• _What to produce_: To complete this task, print all the data below exactly but leave out the images.

• _Source material_:
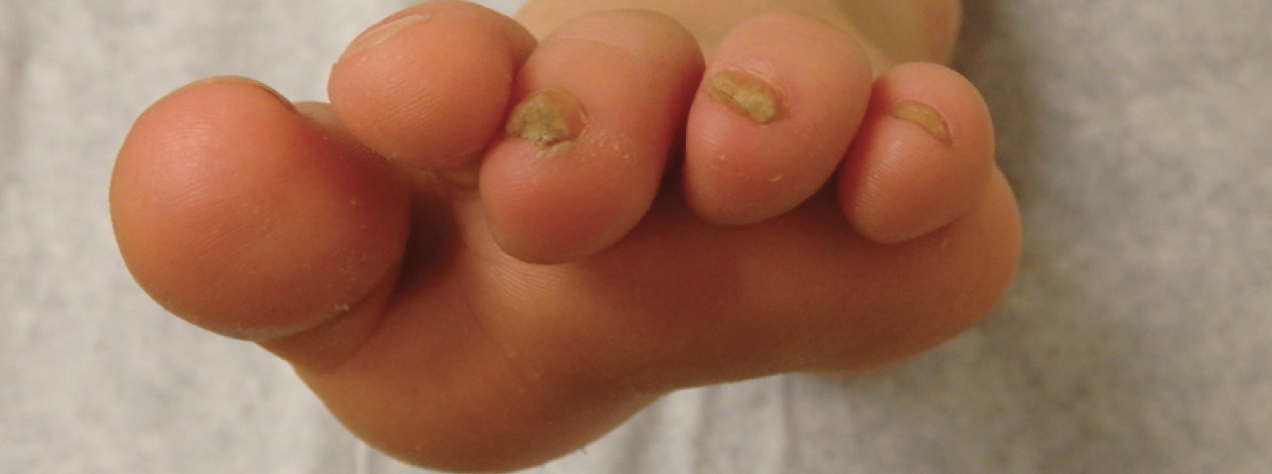 Ch 14: Onychomycosis with thick, crumbly nails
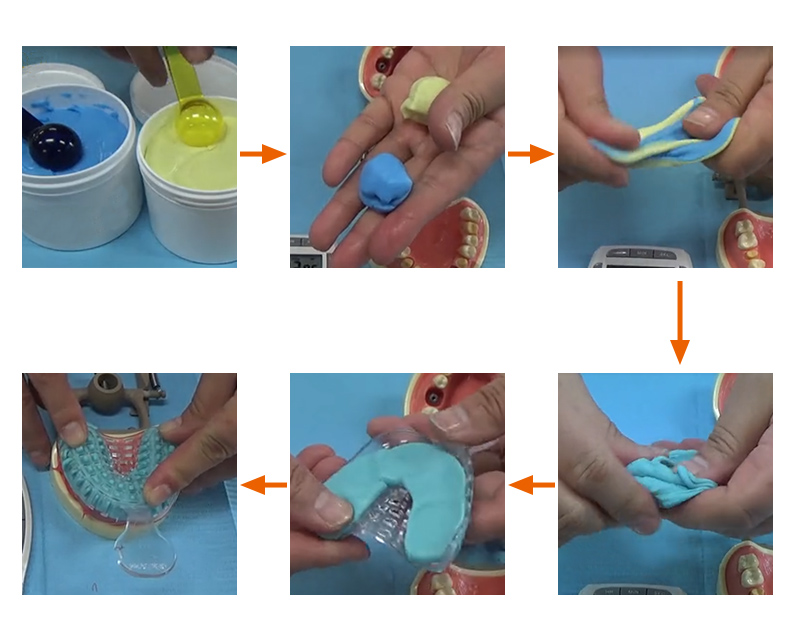 牙模模具硅橡膠操作 牙模模具硅橡膠操作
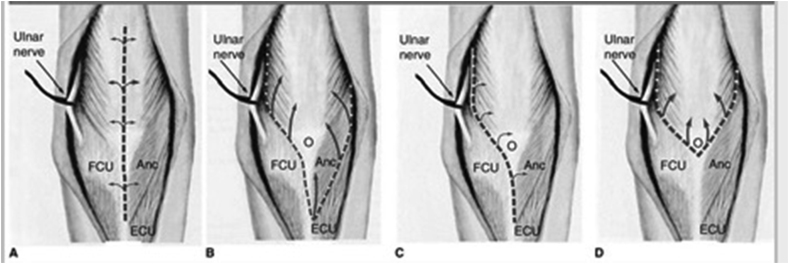 Fig. 19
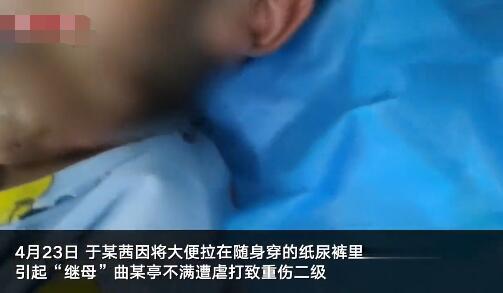 黑龙江4岁受虐女童获6万元司法救助 追责与救济&ldquo;两不误&rdquo;.jpg
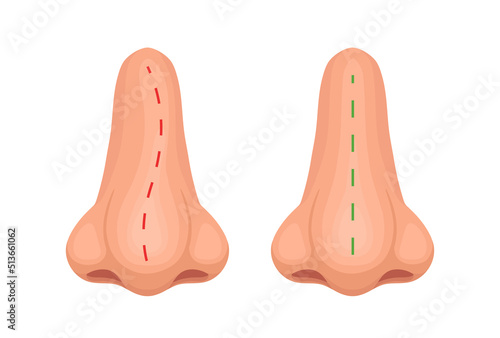 Crooked and correct nose. Nose before and after treatment. Vector illustration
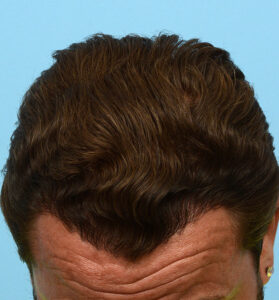 Fue Before and After | Dr. Jeffrey Wise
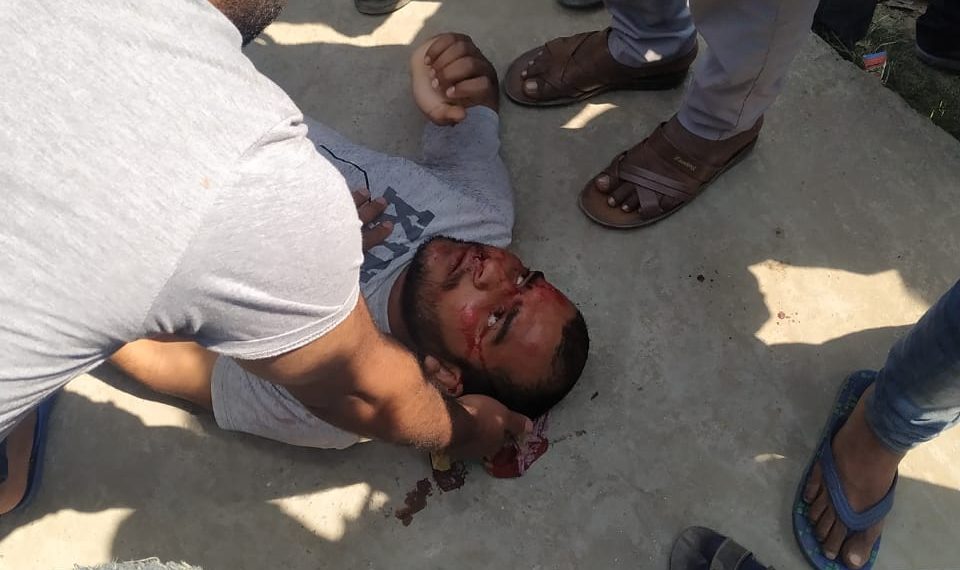 एक्सडवां चौराहे पर मोटरसाइकिल दुर्घटना में एक घायल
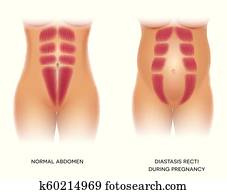 Diastasis Recti or abdominal separation Diastasis Recti or abdominal separation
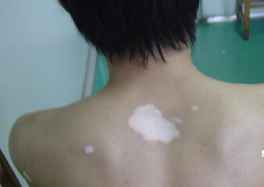 白斑病病治疗的期间或许有多长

• _Exercise answer_:
 Ch 14: Onychomycosis with thick, crumbly nails
 牙模模具硅橡膠操作 牙模模具硅橡膠操作
 Fig. 19
 黑龙江4岁受虐女童获6万元司法救助 追责与救济&ldquo;两不误&rdquo;.jpg
 Crooked and correct nose. Nose before and after treatment. Vector illustration
 Fue Before and After | Dr. Jeffrey Wise
 एक्सडवां चौराहे पर मोटरसाइकिल दुर्घटना में एक घायल
 Diastasis Recti or abdominal separation Diastasis Recti or abdominal separation
 白斑病病治疗的期间或许有多长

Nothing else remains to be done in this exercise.